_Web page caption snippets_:

# # # #

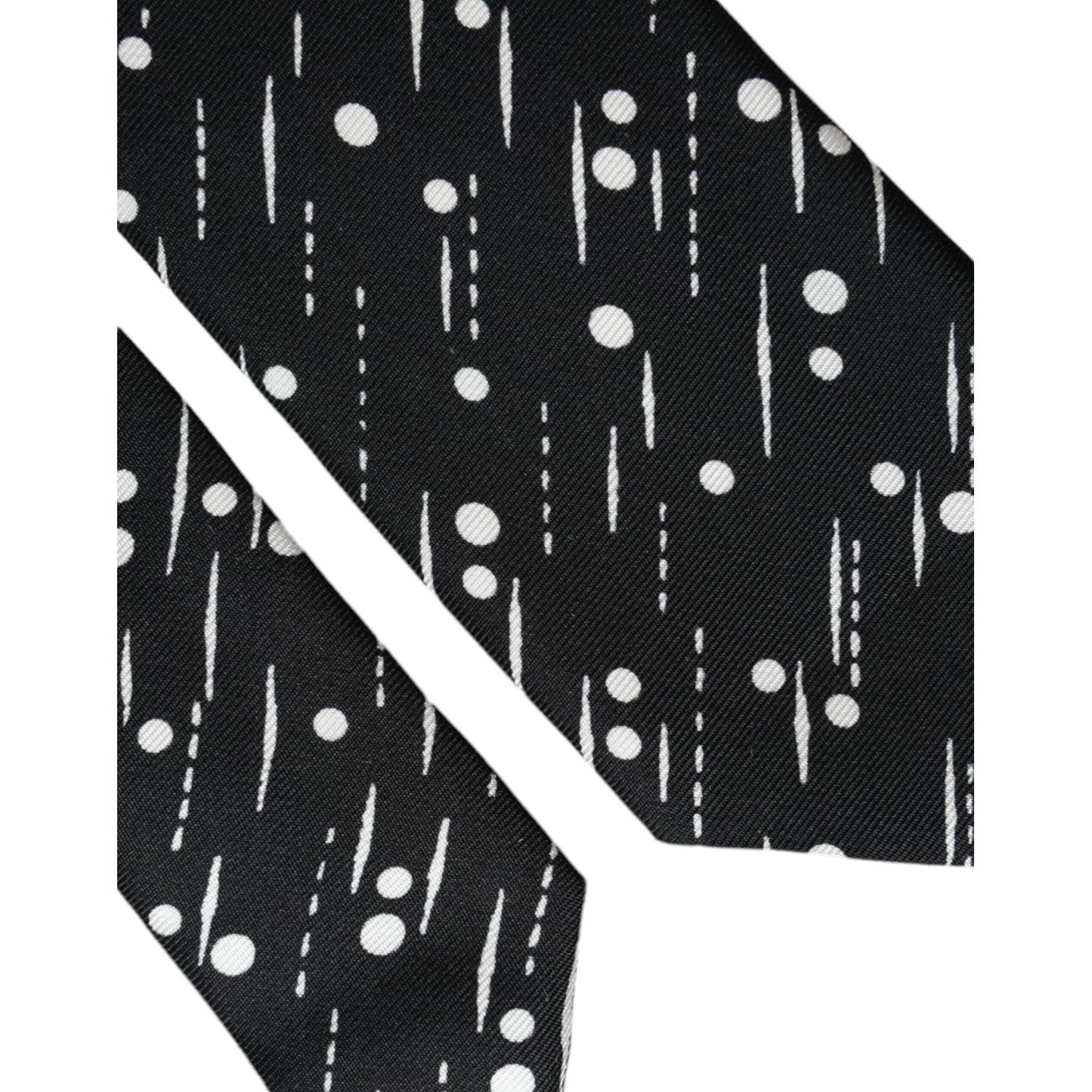 Dolce & Gabbana Black Dotted 100% Silk Adjustable Tie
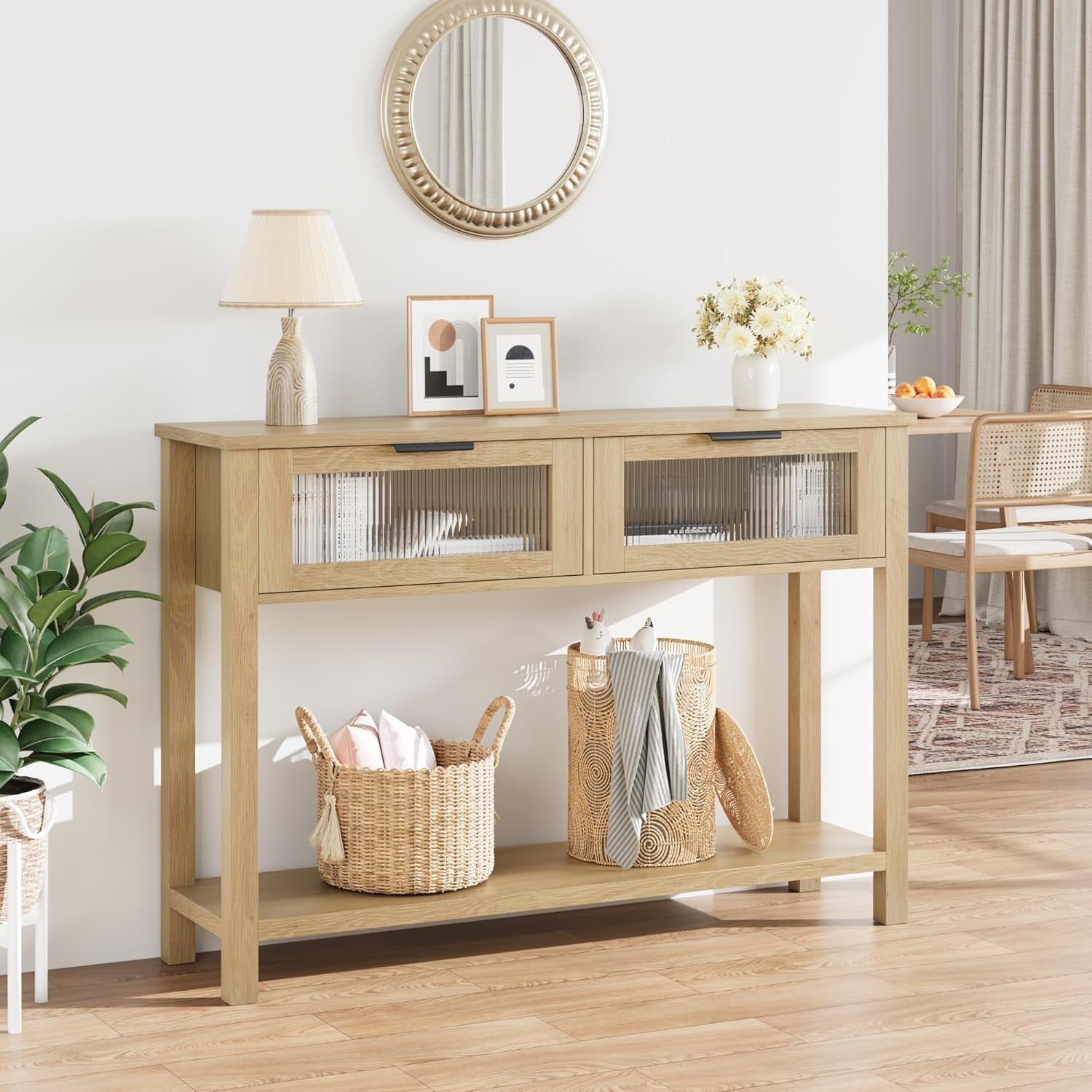 PYY Modern Rustic Console Table with Glass Drawers – 2-Tier Narrow Wooden Sofa Side Table, Open Storage Shelf for Entryway, Living Room, Hallway and Home Office – Natural Wood Color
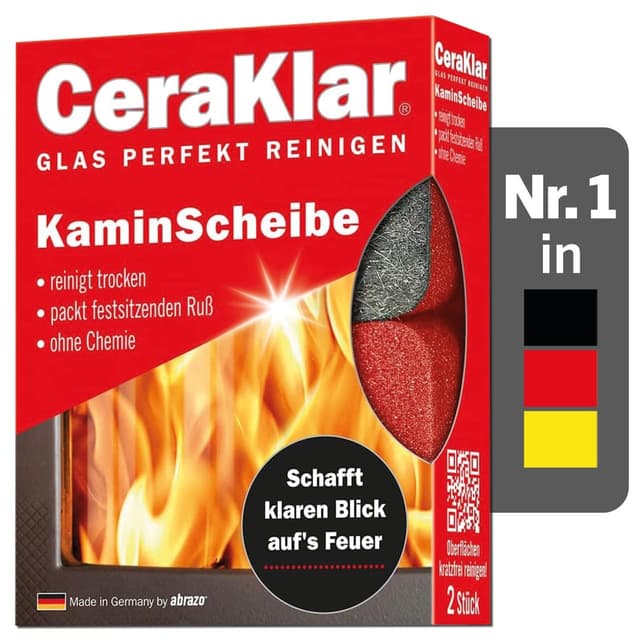 abrazo CeraKlar KaminScheibe - 2 Kaminscheibenreiniger für kratzfreie Kamin Scheibenreinigung ohne Chemie, Kaminglasreiniger, Kaminreiniger Scheibe Single
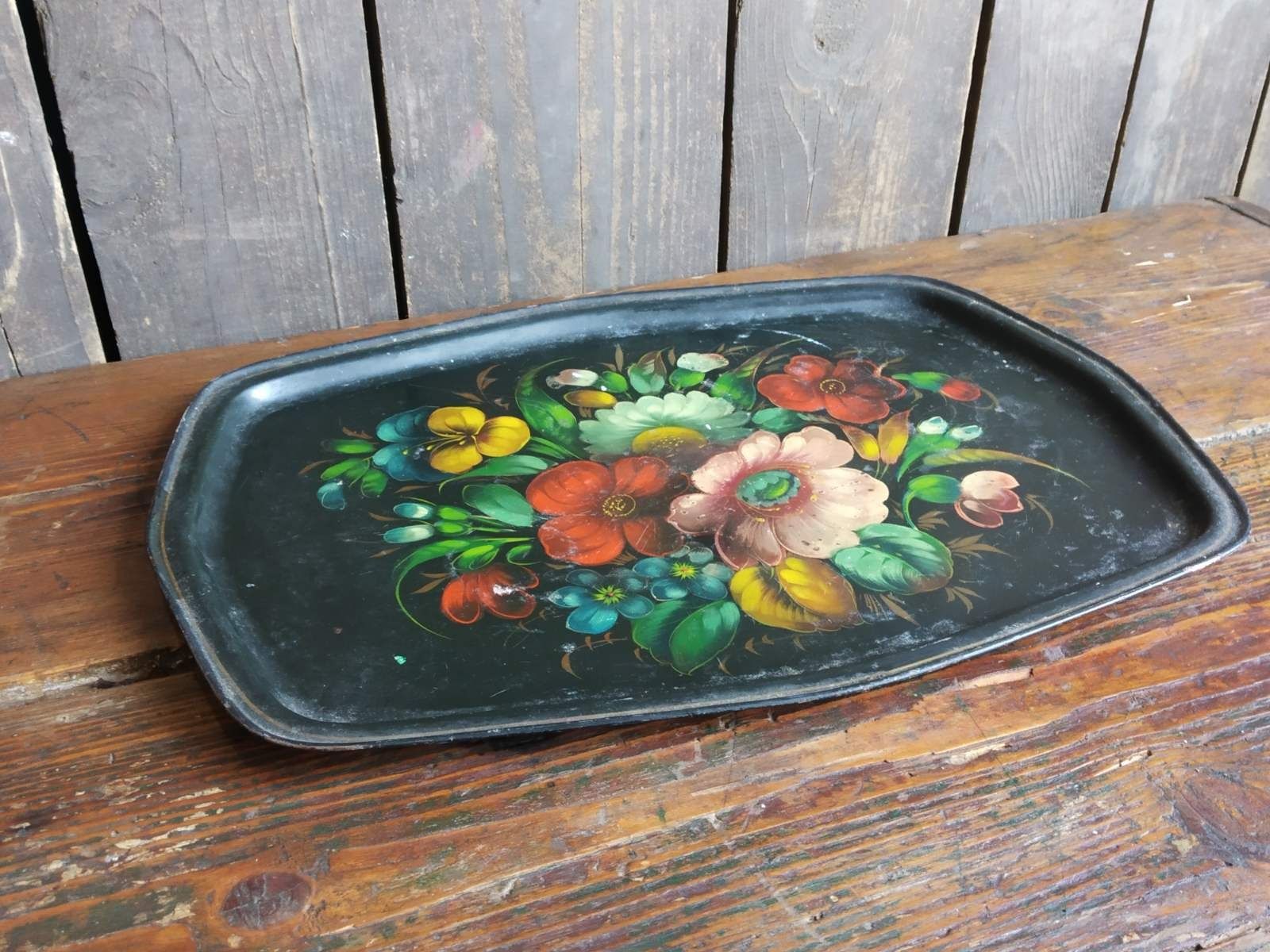 Стара Руска табла поднос с рисунка цветя 3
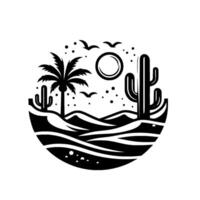 Black and white desert scene in a circle with palm tree, cacti, sun, birds, hills, and dots, stylized. vector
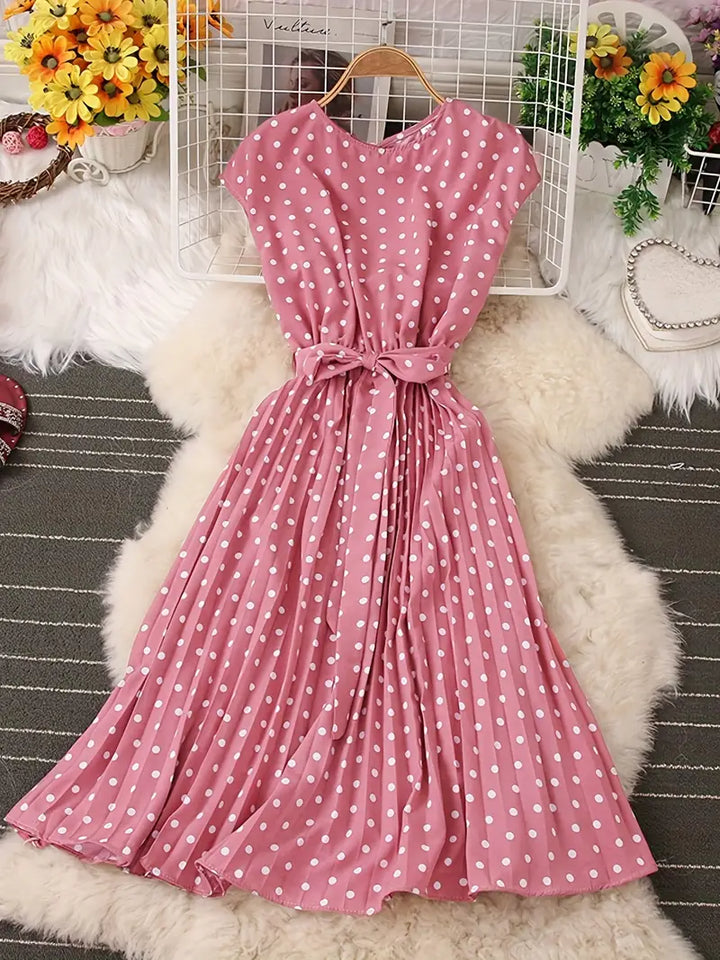 Damska Plisowana Sukienka w Groszki, elegancka i nowoczesna, z wygodnego materiału, szykowny design dla każdej sylwetki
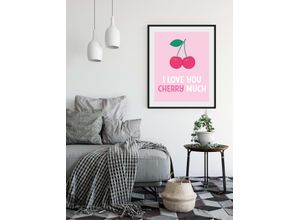 4049009933502 - Bild QUEENCE I LOVE YOU CHERRY MUCH Bilder Gr B H 50 cm x 70 cm Wandbild Schriftzug Hochformat 1 St rosa Kunstdrucke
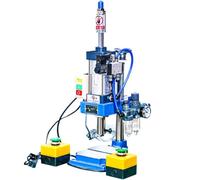 asdchZen Pneumatic Punch Press Machine,200kg/300kg Pressure,Desktop Cylinder Stroke Punching Press,Double Button Operation for Precision Metalworking (Doublebutton 300KG)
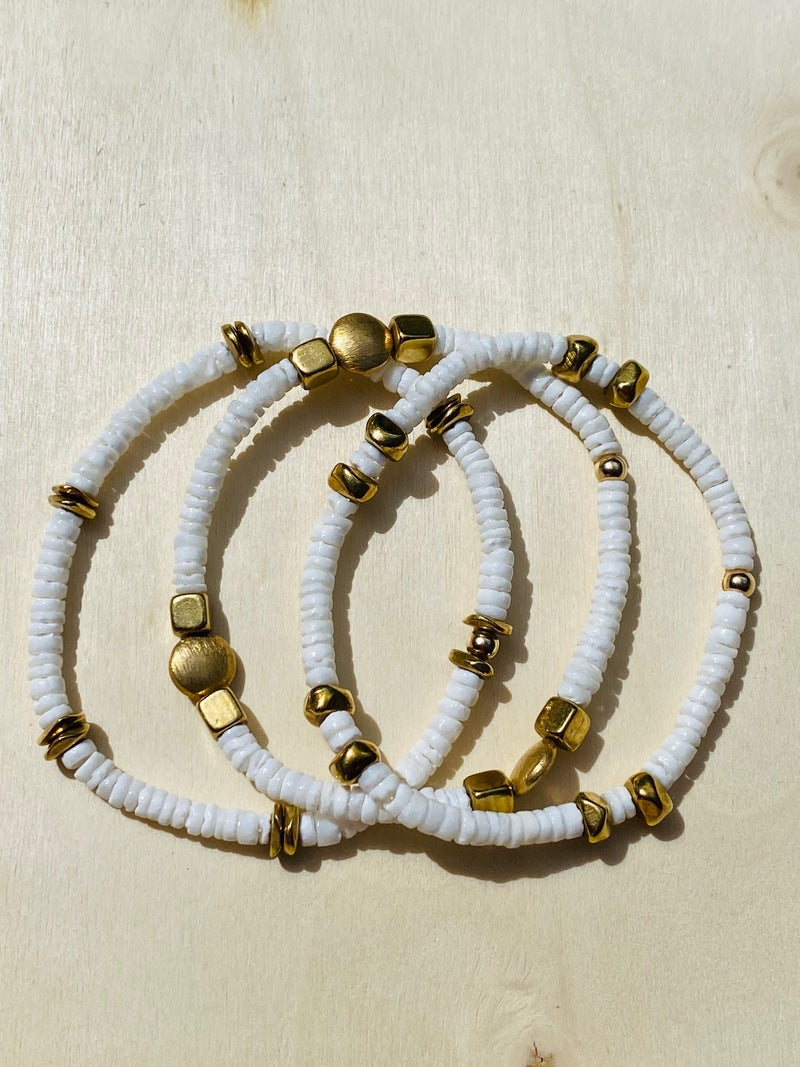White Clam Heishi Shell elastic bracelet - TRIO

# # # #

Apart from the pictures, every line above must be repeated exactly.

_FINAL ANSWER_:
 Dolce & Gabbana Black Dotted 100% Silk Adjustable Tie
 PYY Modern Rustic Console Table with Glass Drawers – 2-Tier Narrow Wooden Sofa Side Table, Open Storage Shelf for Entryway, Living Room, Hallway and Home Office – Natural Wood Color
 abrazo CeraKlar KaminScheibe - 2 Kaminscheibenreiniger für kratzfreie Kamin Scheibenreinigung ohne Chemie, Kaminglasreiniger, Kaminreiniger Scheibe Single
 Стара Руска табла поднос с рисунка цветя 3
 Black and white desert scene in a circle with palm tree, cacti, sun, birds, hills, and dots, stylized. vector
 Damska Plisowana Sukienka w Groszki, elegancka i nowoczesna, z wygodnego materiału, szykowny design dla każdej sylwetki
 4049009933502 - Bild QUEENCE I LOVE YOU CHERRY MUCH Bilder Gr B H 50 cm x 70 cm Wandbild Schriftzug Hochformat 1 St rosa Kunstdrucke
 asdchZen Pneumatic Punch Press Machine,200kg/300kg Pressure,Desktop Cylinder Stroke Punching Press,Double Button Operation for Precision Metalworking (Doublebutton 300KG)
White Clam Heishi Shell elastic bracelet - TRIO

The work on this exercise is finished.